Court agrees with artist Peter Doig that ‘Pete Doige’ painting really isn’t his

Artist Peter Doig won a lawsuit dating back to the 1970s regarding authorship of a painting.
Artist Peter Doig won a lawsuit dating back to the 1970s regarding authorship of a painting. Photograph: Martin Godwin/The Guardian

The acclaimed painter Peter Doig has won a multimillion-dollar judgment against a former correctional officer who claimed he owned a bona fide Doig work – and that Doig was just lying that he never painted it.

On Wednesday Doig was awarded $2.5m by an Illinois federal court after more than a decade of litigation.

The lawsuit dates back to the 1970s, when a former correctional officer in Canada, Robert Fletcher, said he met Doig as a student at Lakehead University in Ontario.

While attending school, Fletcher worked as a correctional officer at a prison, where he bought a painting from a prisoner for $100.

Many years later, after Doig’s career had exploded – his painting White Canoe sold at auction for $11.3m in 2007, which was an auction record for a living artist in Europe at the time – Fletcher tried to sell the painting, working with Peter Bartlow, a Chicago-based art dealer.

Doig, however, said the painting wasn’t his, and in 2013 Fletcher and Bartlow sued him, accusing the artist of denying authorship because of personal animosity toward Fletcher, reported the New York Times.

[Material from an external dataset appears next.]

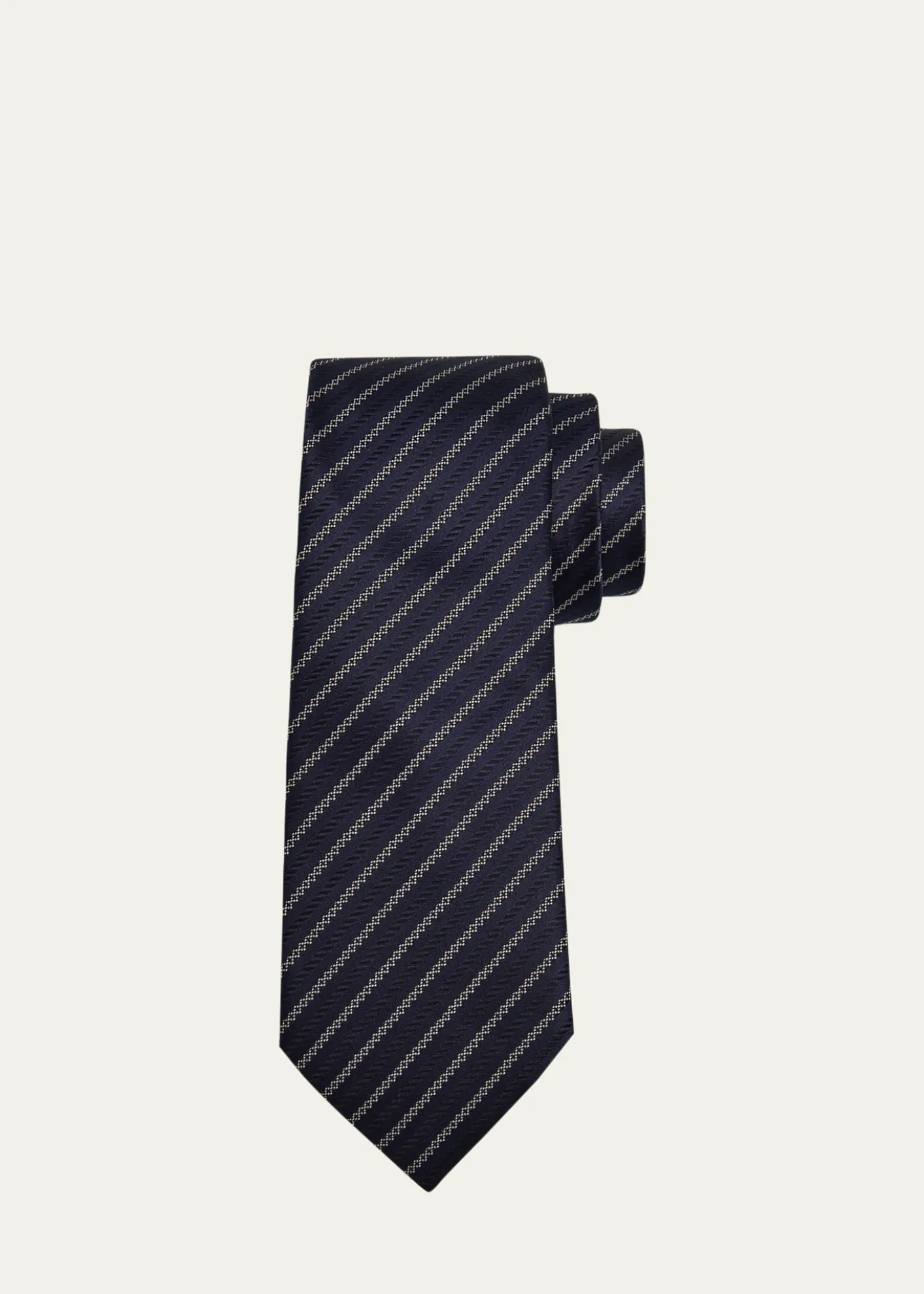 ZEGNAMen's Satin Diagonal Stripe Silk Tie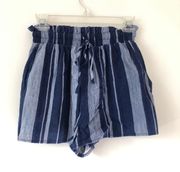 Navy White Striped Drawstring Shorts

Fletcher alleged that he had served as Doig’s parole officer after Doig was incarcerated for LSD possession, reported Art News, and argued that the 1976 painting had the signature “Pete Doige 76”.

Doig’s lawyers countered that he never attended Lakehead University, and was never in jail. They argued that the painting was probably the work of a different individual, Peter Doige, who was incarcerated at the same prison where Fletcher worked. That Peter Doige died in 2012.

In 2016, a court ruled in Doig’s favor, concluding that the painting was indeed Doige’s, and declaring of the claimants: “It should have been absolutely clear to them that their claims were factually meritless and stood no chance of success.”

Doig has said that any proceeds from the suit will be donated to a non-profit that allows incarcerated people to make art.